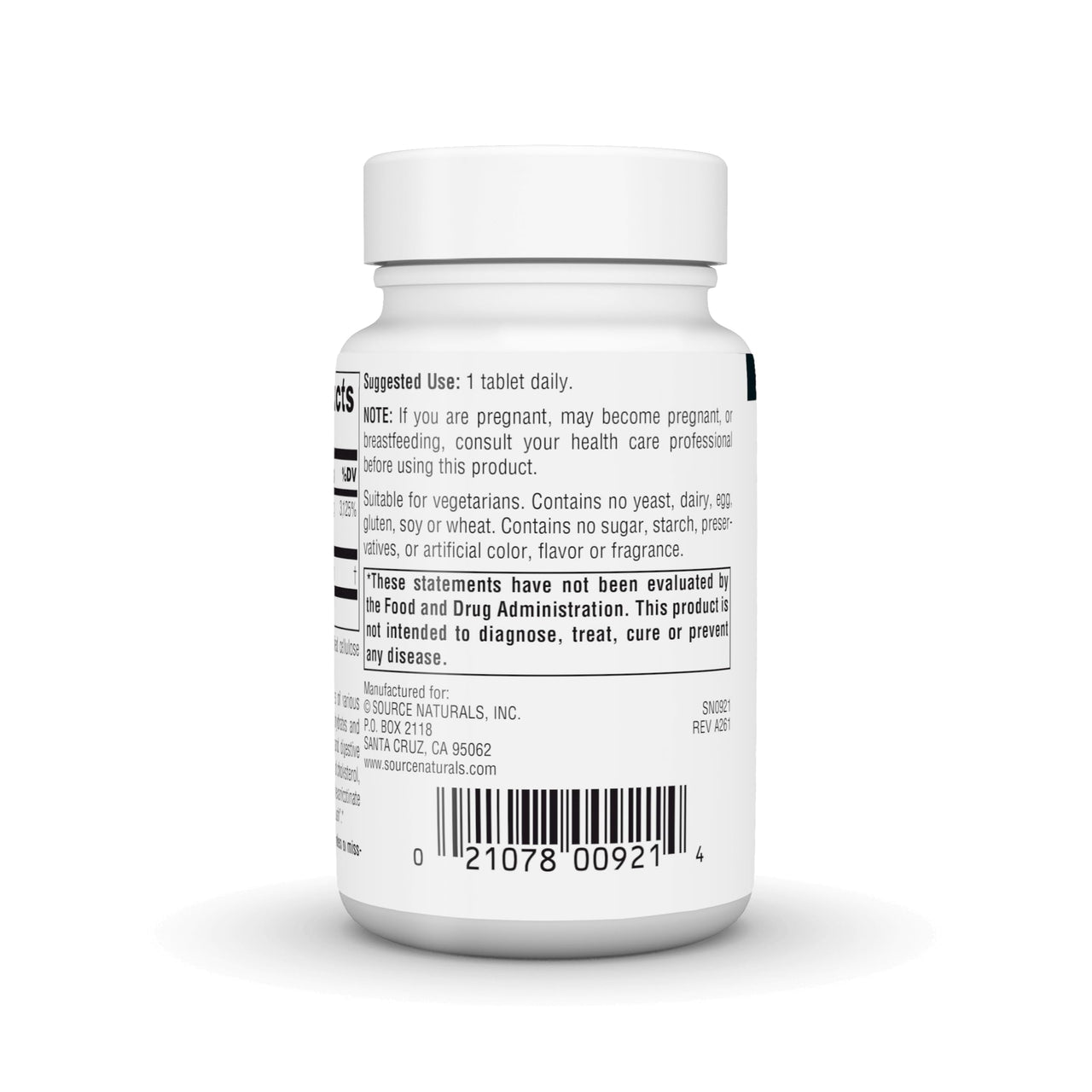 Source Naturals No-Flush Niacin, B-3 for Energy and Cardiovascular Health* - 500 mg - 60 Vegetarian Tablets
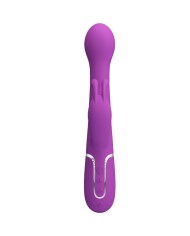 PRETTY LOVE DEJON VIBRADOR RABBIT MULTIFUNCION 3 EN 1 MORADO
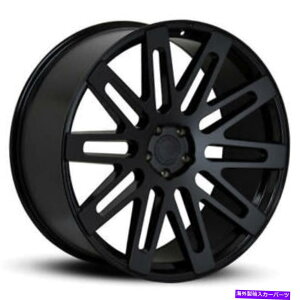 ホイール 4本セット (4)24 "道路力ホイールRF24光沢ブラックリム(B30) (4) 24" Road Force Wheels RF24 Gloss Black Rims (B30)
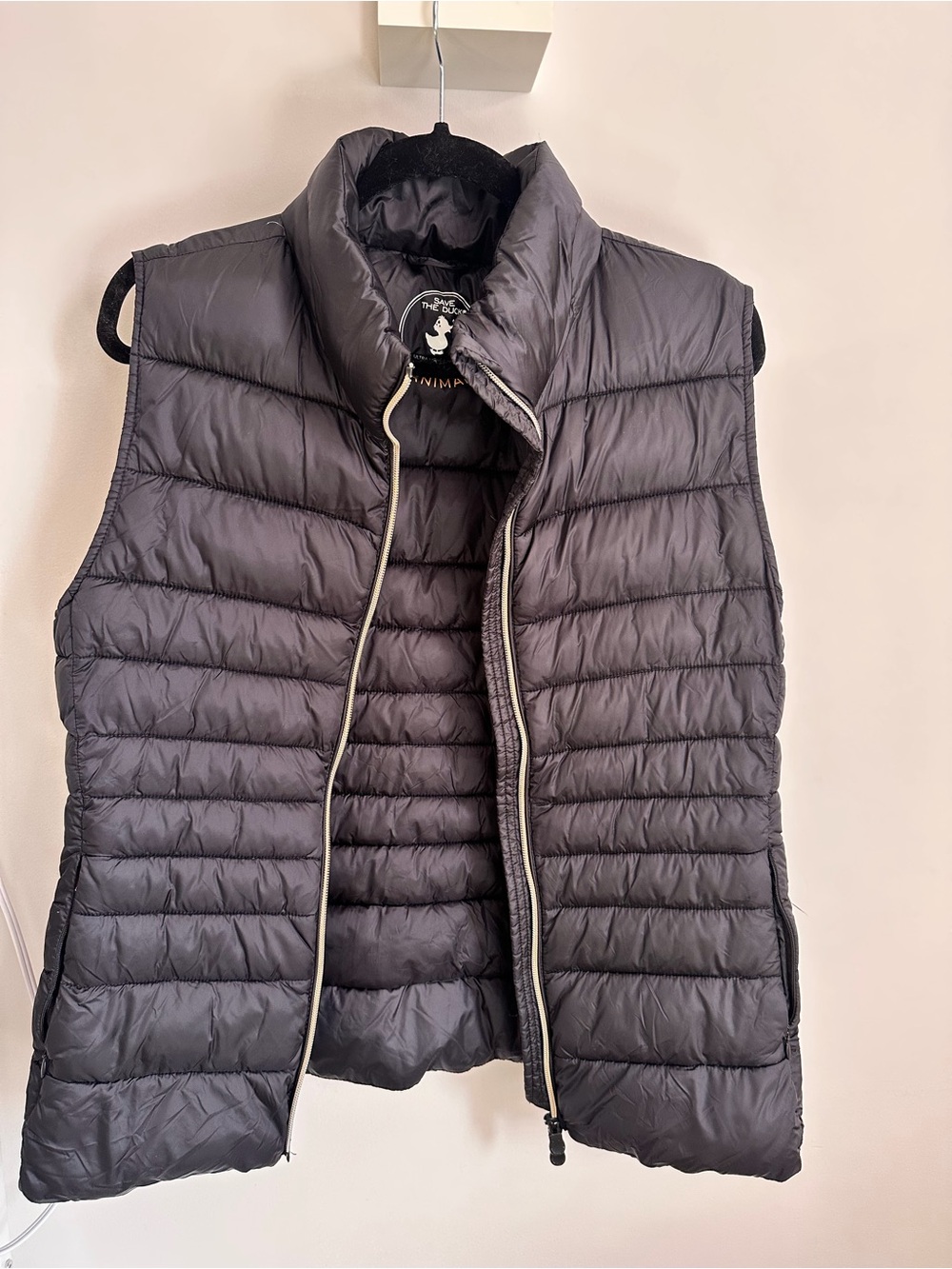 Lightweight Puffer Vest - Black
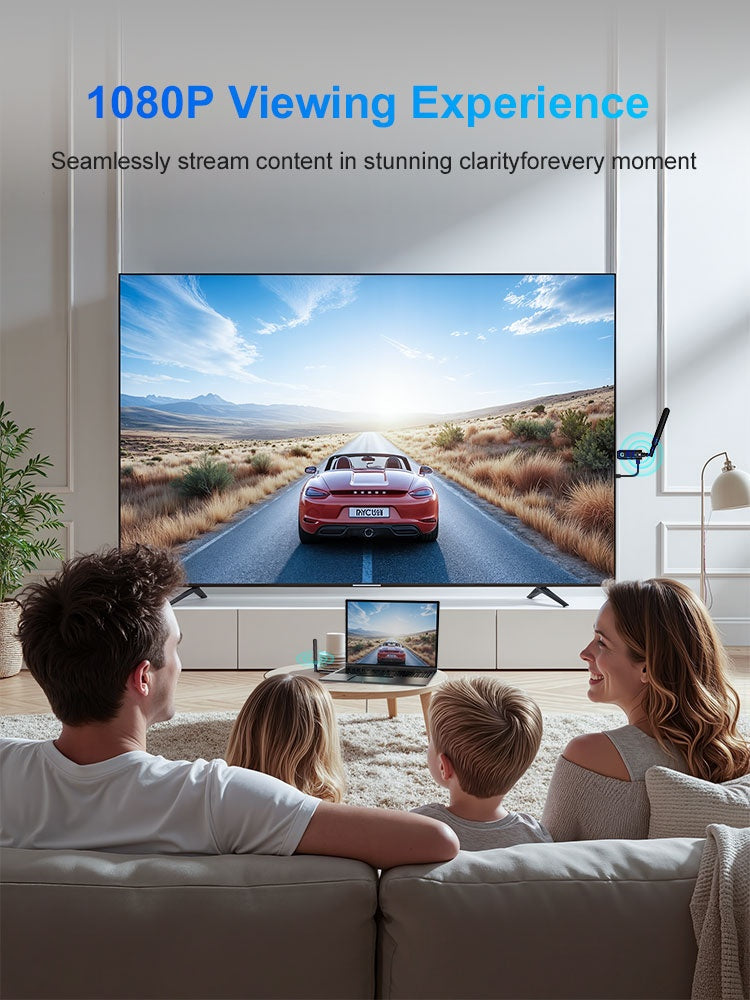 Wireless HDMI Extender 5GHz 1080p 60Hz 400m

* Exercise directions: Apart from the images, reproduce the listing exactly as it appears.

* Exercise answer:
 Source Naturals No-Flush Niacin, B-3 for Energy and Cardiovascular Health* - 500 mg - 60 Vegetarian Tablets
 PRETTY LOVE DEJON VIBRADOR RABBIT MULTIFUNCION 3 EN 1 MORADO
 ホイール 4本セット (4)24 "道路力ホイールRF24光沢ブラックリム(B30) (4) 24" Road Force Wheels RF24 Gloss Black Rims (B30)
 Lightweight Puffer Vest - Black
 Wireless HDMI Extender 5GHz 1080p 60Hz 400m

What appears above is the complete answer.